Just like everyone you’ve ever had a flame war with on Twitter, Euron tries to get credit for hurting his enemy while completely missing the point. “I got you! I’m the man who killed Jaime Lannister!” he cries as he bleeds out.
I know he lives on the ocean, but damn this guy is salty.
O Brother, where art thou?
The Hound and Arya have made their way to the Red Keep. The Hound has always had a soft spot for Arya, in a mean, battle-hardened kind of way, and he has one last act of chivalry up his sleeve.
Arya was on a mission to kill Cersei and The Hound to commence Cleganebowl, but as the Red Keep crumbles he tells her to return to safety. Revenge isn’t worth it.
“You want to be like me?” the Hound barks at her. “You come with me, you die here.”
“Sandor,” she replies (like that helpful friend at your work mixer, reminding you of your colleague’s name). “Thank you.”
With Arya bowing out, we’re going up into The Keep because The Hound has a score to settle with his undead brother — it’s time for CLEGANEBOWL! Knocking Qyburn out of his way with the old “crush your skull on a rock” move, The Mountain is ready. Cersei takes this as her cue and, with a polite “Excuse me, I’ve just realised I need to pop behind you there, don’t mind me,” she is outie 5,000.
It’s The Hound vs The Mountain. Brother versus brother. Grudging hero against … wait, what’s this? The Mountain has taken his helmet off and it’s like he just pulled off an old bandaid — except in this case, the bandaid is covering three seasons of undead Darth Vader face and he’s going to need more than an over-the-counter antiseptic to fix things.
The Hound realises things are a bit off too, because his brother won’t die. The Hound quickly thinks, “Hey, I’ve read the Odyssey!” and stabs The Mountain in the eye. No dice. The Mountain, thinking back to the time he was in an amateur production of Richard III, responds by putting out his brother’s eyes with his thumbs. Clearly you can’t stab The Mountain to death. Rock beats scissors.
There’s nothing left for it. With one last bitter embrace, The Hound spear tackles The Mountain off the crumbling tower of the Keep and they fall to their fiery deaths.
The end of an era
With all her allies dead, Cersei has been wandering through her ruined castle looking like a Confused Travolta meme, but finally, Jaime is here. The siblings are reunited and Jaime, who has actually been listening to a lot of Metallica up in the North, reminds Cersei that they only need each other and “Nothing else matters.”

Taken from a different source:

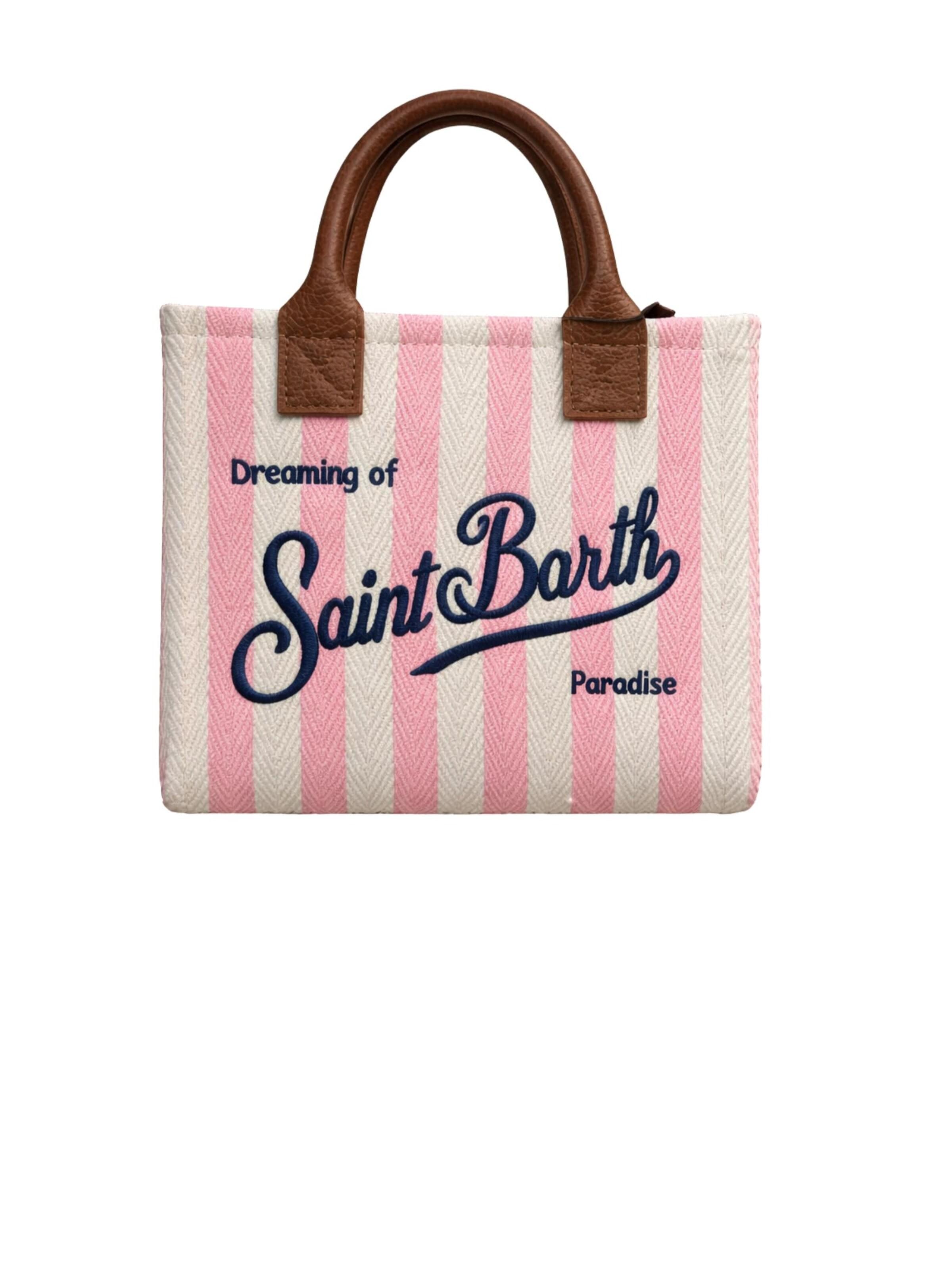 MC2 Saint Barth Shopper in Pink: front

That is super lucky, because the world is going to hell in a dragonbasket around them, and everyone watching at home has realised the slow piano music is starting up so, narratively speaking, they are running out of options. They flee to the bowels of the castle to the hall where they keep their spare dragon skeletons, ready to make their escape.
But the escape is blocked. Just like that. It’s over and the end is somehow so simple and so poignant. The great evil queen, the man who has killed for her — these two characters that we’d all imagined dying so many times, going out not with a bang, but with a whimper. Crushed under the weight of their own castle, their bones left to turn to dust like the centuries-old dragons around them.
With our Lannister villains destroyed, there’s a strange emptiness as we return to the streets of King’s Landing, Arya taking stock of the wreckage around her. The burnt bodies of a mother protecting her child, countless people dead at the hands of Daenerys.
As she rides off on the last, magically unhurt horse in King’s Landing, the rest of the world is channelling their inner Tyra Banks: Dammit, Dany, we were rooting for you. We were all rooting for you.